Material and Methods
Patients treated with breath-hold MR-guided SABR for adrenal metastases were identified from an Ethics-approved database. Splenic dose constraints were not routinely used. The spleen was delineated retrospectively on both breath-hold CT and MR-scans. Mean spleen dose (MSD) and relative V5-10-20-30Gy values were derived from the baseline plan. SV was measured on available follow-up CT scans at 6–12–24 months. Regression analyses were performed to assess SV changes in relation to splenic dose and other parameters.
Results
SABR was delivered to 113 adrenal tumors mostly using 5 fractions (64 % of tumors), 3 fractions (19 %) or a single fraction (14 %). Systemic therapy was administered during or within 3 months preceding/after SABR in 51 % of patients. Left-sided tumors comprised 56 % of total, and baseline median MSD and V10Gy were 9.7 Gy (range 1.5–28.4 Gy) and 46.3 % (range 0–100 %), respectively. Corresponding values for right-sided adrenal plans were 1.5 Gy (0.2–5.9 Gy) and 0 % (0–6.2 %), respectively.
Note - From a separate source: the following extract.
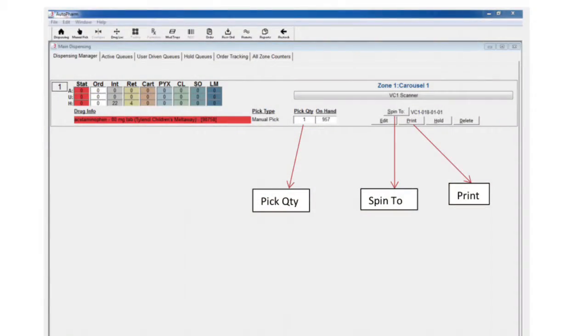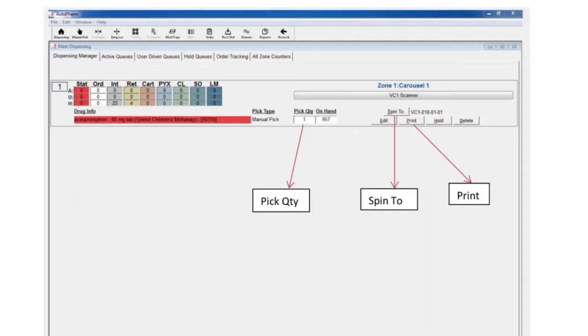The spin to button allows the user to spin the carousel directly to the selected shelf if it didn't automatically spin on its own. The print button will reprint the label if you need another one or a quantity was changed.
In multivariable analysis, a higher MSD was significantly associated with left laterality (p < 0.001), higher prescription dose (p = 0.02), and larger GTV (p < 0.001). An MSD of > 10 Gy was observed in 28 patients (25 %). Among these, a greater than 20 % decrease in SV was found in 46 % of patients with available follow-up at 6 months (n = 59), 40 % at 12 months (n = 47) and 50 % at 24 months (n = 31).
Conclusion
Substantial reductions in spleen volume occur in 40–50 % of patients treated with adrenal SABR with an MSD of >10 Gy. The clinical relevance of splenic atrophy merits further study.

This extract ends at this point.